I’m not usually a fan of the word “can’t”.

In fact, I went back and forth about including it in this title.

I finally came to the conclusion that it belonged here for the main point.

It seems that entrepreneurs are wired a certain way. They have this drive in their makeup that almost forces them to always look to be doing something.

And to be fair, it’s not just entrepreneurs. A lot of people in life are driven to accomplish things. I know people that have dreams to do great things. They want to be great at many things. They even do many things.

And I think a well-rounded life is important, but if you expect to be great at something I don’t know if you can spread yourself thin like that.

Not at once at least.

Getting Back To “Can’t”

One person (of about 15) that I follow on Twitter is Hank Haney. He’s one of the most successful golf coaches of all time. He’s worked with pros, celebrities and amateurs.

The last pro he worked with was Tiger Woods. Since then he’s focused on helping the masses learn to play better golf.

On Twitter, Hank often gets people asking him about their swings. These golfers will tell Hank things like, I can’t hit a draw or I can’t chip.

Hank will usually respond with: What’s can’t?

I love that response.

In the right context, “can’t”, doesn’t exist.

The context here is that there are no rules against doing anything in life.

If you want to improve at golf. You can. It will take work, but you certainly can.

If you want to write songs. You can. Will it be easy? Probably not. But you can.

If you want to run a business. You can. There is nothing worthwhile stopping you.

You Can’t Do Everything

I guess it gets back to the quote that goes:

You can do anything, but you can’t do everything.

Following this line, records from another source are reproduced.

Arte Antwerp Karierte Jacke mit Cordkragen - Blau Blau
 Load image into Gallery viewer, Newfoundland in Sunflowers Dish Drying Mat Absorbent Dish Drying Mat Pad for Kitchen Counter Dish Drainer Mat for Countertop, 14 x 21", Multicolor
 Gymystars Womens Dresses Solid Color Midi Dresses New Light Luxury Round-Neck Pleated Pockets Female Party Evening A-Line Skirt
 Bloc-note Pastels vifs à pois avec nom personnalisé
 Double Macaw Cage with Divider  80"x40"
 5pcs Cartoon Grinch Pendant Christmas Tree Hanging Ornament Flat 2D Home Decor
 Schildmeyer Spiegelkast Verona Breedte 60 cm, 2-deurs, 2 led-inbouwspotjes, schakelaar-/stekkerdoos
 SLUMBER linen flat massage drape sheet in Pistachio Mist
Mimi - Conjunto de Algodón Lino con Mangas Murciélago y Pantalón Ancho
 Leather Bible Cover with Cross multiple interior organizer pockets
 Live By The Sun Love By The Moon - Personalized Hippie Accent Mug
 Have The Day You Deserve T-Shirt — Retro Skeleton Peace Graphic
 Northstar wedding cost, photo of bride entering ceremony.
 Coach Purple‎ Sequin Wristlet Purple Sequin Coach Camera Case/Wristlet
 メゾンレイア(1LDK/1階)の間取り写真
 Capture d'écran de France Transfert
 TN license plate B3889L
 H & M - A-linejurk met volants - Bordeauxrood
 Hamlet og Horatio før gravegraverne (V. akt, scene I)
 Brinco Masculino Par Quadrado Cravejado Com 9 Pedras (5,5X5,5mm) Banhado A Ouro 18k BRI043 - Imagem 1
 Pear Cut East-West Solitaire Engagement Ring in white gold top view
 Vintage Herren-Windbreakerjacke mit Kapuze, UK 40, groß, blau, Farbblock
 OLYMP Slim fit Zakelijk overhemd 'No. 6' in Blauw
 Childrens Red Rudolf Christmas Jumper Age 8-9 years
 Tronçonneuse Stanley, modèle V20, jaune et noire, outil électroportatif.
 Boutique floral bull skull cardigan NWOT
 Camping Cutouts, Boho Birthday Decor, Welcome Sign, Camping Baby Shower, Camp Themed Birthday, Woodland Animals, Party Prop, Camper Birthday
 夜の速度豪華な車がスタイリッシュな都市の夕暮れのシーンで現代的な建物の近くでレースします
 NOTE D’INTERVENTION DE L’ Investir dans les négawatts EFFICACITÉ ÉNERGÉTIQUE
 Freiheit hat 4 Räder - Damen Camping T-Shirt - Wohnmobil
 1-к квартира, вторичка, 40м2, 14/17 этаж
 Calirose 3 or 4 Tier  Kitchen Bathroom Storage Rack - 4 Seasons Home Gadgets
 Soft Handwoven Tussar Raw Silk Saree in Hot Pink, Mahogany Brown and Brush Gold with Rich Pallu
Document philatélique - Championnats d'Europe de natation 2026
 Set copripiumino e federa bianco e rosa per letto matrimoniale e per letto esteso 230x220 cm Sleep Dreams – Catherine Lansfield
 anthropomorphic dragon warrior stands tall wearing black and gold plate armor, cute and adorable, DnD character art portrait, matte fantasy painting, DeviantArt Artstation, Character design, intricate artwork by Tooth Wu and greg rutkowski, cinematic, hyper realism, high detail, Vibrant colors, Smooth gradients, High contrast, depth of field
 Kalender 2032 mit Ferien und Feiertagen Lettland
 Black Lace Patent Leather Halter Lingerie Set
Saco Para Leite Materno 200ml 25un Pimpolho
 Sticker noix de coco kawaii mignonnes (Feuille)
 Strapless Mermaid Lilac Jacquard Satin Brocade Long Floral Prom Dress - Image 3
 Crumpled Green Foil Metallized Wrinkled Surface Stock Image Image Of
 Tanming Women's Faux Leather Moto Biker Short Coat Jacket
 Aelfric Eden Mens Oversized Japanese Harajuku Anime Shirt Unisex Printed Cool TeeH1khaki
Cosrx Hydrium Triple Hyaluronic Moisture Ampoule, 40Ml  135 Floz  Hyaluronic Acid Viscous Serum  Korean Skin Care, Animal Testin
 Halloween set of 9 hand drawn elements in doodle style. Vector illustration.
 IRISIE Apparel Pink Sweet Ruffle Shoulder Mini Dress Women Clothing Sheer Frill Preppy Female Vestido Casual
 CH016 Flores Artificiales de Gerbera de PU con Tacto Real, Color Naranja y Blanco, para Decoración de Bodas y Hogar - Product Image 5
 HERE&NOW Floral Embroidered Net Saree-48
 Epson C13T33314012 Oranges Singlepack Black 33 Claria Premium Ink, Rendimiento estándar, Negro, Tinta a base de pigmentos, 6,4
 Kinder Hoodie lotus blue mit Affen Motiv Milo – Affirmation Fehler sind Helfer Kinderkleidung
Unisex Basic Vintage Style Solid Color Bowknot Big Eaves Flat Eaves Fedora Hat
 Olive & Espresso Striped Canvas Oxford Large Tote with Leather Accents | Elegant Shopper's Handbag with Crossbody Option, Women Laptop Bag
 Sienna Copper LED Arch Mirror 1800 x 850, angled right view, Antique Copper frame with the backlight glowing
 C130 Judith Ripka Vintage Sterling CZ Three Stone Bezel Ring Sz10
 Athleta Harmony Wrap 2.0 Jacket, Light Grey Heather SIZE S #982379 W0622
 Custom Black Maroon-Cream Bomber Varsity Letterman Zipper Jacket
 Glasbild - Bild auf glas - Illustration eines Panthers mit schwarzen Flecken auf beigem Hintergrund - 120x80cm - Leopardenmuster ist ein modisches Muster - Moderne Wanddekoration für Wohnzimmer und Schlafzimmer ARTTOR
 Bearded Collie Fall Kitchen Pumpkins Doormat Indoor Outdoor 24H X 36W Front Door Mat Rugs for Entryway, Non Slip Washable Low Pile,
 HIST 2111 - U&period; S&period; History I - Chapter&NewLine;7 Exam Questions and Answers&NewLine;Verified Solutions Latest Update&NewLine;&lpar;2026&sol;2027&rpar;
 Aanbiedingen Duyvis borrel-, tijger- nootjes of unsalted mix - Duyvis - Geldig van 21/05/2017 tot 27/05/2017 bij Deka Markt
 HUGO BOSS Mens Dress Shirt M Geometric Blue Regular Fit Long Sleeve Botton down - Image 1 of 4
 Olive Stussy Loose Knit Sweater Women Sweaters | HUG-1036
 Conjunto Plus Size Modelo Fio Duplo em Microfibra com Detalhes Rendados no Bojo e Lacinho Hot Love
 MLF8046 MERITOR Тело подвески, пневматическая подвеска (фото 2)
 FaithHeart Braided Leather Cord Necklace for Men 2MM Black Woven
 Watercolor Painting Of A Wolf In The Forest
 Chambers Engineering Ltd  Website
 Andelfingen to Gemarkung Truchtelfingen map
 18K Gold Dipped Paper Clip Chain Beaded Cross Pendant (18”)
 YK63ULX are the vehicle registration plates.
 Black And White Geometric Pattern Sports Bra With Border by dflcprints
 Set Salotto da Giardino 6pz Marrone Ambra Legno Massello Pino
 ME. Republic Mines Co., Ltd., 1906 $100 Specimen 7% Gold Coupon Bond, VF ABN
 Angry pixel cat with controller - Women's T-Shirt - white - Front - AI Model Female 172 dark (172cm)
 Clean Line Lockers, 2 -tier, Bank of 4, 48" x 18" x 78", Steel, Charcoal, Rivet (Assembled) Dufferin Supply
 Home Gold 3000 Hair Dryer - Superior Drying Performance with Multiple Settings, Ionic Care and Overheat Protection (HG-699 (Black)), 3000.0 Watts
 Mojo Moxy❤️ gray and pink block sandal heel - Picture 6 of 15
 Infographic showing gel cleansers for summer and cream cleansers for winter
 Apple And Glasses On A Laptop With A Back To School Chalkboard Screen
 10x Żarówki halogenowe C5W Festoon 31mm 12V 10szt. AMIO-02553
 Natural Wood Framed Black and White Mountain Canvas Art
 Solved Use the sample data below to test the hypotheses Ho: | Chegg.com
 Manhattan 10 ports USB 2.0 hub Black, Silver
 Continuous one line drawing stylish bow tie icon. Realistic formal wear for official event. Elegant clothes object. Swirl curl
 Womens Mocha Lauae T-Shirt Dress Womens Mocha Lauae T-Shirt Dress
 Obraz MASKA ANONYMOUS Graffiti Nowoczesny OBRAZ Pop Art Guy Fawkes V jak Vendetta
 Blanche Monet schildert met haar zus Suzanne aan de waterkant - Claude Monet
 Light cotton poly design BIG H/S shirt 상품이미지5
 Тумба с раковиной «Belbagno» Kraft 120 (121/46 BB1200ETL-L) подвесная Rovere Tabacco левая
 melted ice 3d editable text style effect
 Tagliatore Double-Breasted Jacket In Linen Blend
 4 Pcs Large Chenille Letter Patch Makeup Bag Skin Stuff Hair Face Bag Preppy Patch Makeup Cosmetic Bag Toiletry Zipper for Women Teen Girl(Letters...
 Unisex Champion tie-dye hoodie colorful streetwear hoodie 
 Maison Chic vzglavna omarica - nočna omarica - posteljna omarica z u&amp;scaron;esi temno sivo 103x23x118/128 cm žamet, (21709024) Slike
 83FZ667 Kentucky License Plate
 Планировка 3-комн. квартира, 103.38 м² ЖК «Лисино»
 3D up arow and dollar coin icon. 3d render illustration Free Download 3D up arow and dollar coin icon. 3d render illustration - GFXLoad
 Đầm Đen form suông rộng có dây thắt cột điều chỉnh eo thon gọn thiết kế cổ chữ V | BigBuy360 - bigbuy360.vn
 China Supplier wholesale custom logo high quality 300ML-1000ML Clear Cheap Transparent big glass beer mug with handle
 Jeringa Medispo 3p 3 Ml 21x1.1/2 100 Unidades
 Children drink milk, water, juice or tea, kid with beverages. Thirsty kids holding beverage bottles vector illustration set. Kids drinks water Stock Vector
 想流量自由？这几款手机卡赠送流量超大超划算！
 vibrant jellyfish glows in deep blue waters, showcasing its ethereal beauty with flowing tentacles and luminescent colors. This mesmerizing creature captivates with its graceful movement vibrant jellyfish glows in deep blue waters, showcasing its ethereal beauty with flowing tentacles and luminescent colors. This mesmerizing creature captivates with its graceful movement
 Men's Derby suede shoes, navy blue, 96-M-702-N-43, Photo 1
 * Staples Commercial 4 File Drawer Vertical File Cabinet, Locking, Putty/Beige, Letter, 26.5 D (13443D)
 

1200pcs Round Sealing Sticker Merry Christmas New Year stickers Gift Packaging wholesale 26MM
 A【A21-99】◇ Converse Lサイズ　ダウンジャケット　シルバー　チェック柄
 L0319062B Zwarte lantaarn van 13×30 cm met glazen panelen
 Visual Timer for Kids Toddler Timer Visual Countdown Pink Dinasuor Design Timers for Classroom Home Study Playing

That’s where we are for this article.

I’ve been rereading Great By Choice by Jim Collins recently. I remember quite a bit from the book from the first time I read it, but I’m learning more the second time.

One of the lessons in that book is that successful entrepreneurs know when to make changes. They try a lot of things looking for what will work before they take risks and make big changes.

That’s an example that a business can do anything, but if it tried to do everything at once it likely wouldn’t succeed.

That’s true with attempting to offer too many services too. If you focus on too many things you’ll spread yourself too thin and you will offer a lot to a lot of people, but none of it will likely be any good.

I used to work for this great company that had a good approach to new projects. They had employees working on all kinds of side projects all the time. Most of the time these projects would stay in the experimental stage, but only a few would get moved into implementation phase.

The company realized that they didn’t have the resources to commit to too many things.

I see it in social media marketing too.

Companies get on board with social media and signup for the five big networks or whatever. They try to have an employee use 10% of their time to manage all five of those channels.

It won’t work.

It’s a full-time job to properly manage one social media channel.

Even in our personal lives I think many of us get dragged into too many things. I know I have to catch myself all the time.

You start watching a show on Netflix. You watch all the episodes. That’s fine.

But then you hear about another show and another show and pretty soon you’ve got five shows that you have to watch and you’re struggling to keep up. And it takes away your energy from other things like reading, taking walks, etc.

There just isn’t enough time in the day for it all.

Final Lesson: Discipline

I guess the final takeaway here is discipline.

It’s necessary to have the discipline to not try to do everything. It’s not easy and that’s why many of us struggle with it and I think especially entrepreneurs. We want to please people. That’s part of the reason that we started businesses. But that same desire to please people makes it difficult to not do things.

Sure, we can do anything we want to do, but we can’t do everything.

It’s really a key to success in life.